Curiously, Barnum wrote that the muscles were a little soft, but other descriptions of the period suggest the guano bodies seemed petrified, likening them in appearance to stone. Whether Barnum saw the remains of Delano or some other unfortunate person who died on Ichaboe Island, is unknown. We may yet find out in letters ahead. Delano’s body went to the British Museum and then toured the UK, so if we learn that Barnum did purchase the remains he had been offered, they probably were not Christopher Delano’s.
Now about the lion. Long before Barnum’s well-known circus enterprises, he was involved in traveling menageries. As you may recall from the blog, A Jolly Lot of Brother Showmen (January 15, 2021), his network included a number of the circus and menagerie “pioneers” of his day and he had had opportunities to socialize with them while in London. In the March 1st letter to Hitchcock, Barnum inquired about the status of various investments, ending with the amusing comment that, “Bell ought to sell his half of that Lion at the same price I paid Titus for the other half.” This conjures up the humorous notion that one half of a lion could become more (or less) valuable than the other half.

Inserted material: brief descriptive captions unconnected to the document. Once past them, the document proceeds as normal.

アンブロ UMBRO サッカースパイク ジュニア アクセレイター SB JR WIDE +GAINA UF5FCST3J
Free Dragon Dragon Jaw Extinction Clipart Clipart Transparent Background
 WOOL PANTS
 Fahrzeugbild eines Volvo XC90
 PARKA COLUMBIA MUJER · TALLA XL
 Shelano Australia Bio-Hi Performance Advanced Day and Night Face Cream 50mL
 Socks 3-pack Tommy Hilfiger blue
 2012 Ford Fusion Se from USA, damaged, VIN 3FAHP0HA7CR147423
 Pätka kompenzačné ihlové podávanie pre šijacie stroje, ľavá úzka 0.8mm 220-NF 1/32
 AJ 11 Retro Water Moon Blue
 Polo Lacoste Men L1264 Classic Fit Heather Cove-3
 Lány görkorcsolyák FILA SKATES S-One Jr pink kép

Lewis Titus was among the first circus men to show under a tent, in upstate New York, not far from Barnum’s hometown. Titus and three other men had formed a company to acquire exotic wild animals, both for their own shows and to sell to others. Barnum’s question to Hitchcock suggests he had loaned Titus money to purchase a lion, but the transaction might only have been recorded as a scribbled note, little better than a gentlemen’s handshake. He asked, “Has Titus paid that note? If not you had better let him give in exchange another note properly drawn—for if I recollect right that was not properly drawn.” Barnum had learned some hard lessons on that score, and would continue to do so in the years ahead. But just as this letter abundantly reveals, he always had his “eyes on the prize.”